Something about the way the dancers’ bodies moved made me feel weak. Not in a “coming down with the flu” way, but instead as if I was suddenly softening like candle wax. I looked around at faces similarly entranced. There was something so vulnerable about how the dancers moved to the music, with an intuition that gently chipped away at the world sitting on our collective shoulders.

During a December performance in New York, I watched Alvin Ailey dancers perform a piece called “Difference Between,” which was all at once energizing and melancholic.

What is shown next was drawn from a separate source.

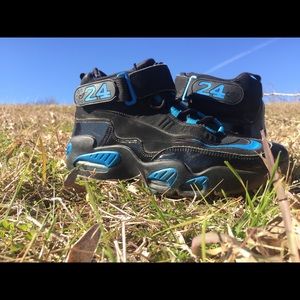 NIKE Air Griffey Max 1 Blue/Black Gum Soles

I had no idea what the choreography meant to convey — I’m, after all, not a “dance person” — but I was somehow seeing and hearing moments of longing and fear, and later in the piece, a reckoning with a beautiful new beginning.

“We have our ups and our downs as dancers, and we are so lucky and blessed to have work that we can pour ourselves into — that we can use our personal experience to enrich the movement and the story that has already been given to us,” says Samantha Figgins, of the Alvin Ailey American Dance Theater and one of the dancers I was watching on stage. “What a gift it is, for us.”

Months later, when I got to sit down and chat with Figgins, she agreed that the piece I watched, choreographed by Matthew Neenan, was profoundly emotional. “I think it’s a piece about longing, traveling and migration as well — those journeys that we all go through,” she says. “There can be a lot of grief there. You might be leaving behind family, relationships, or even a version of yourself.”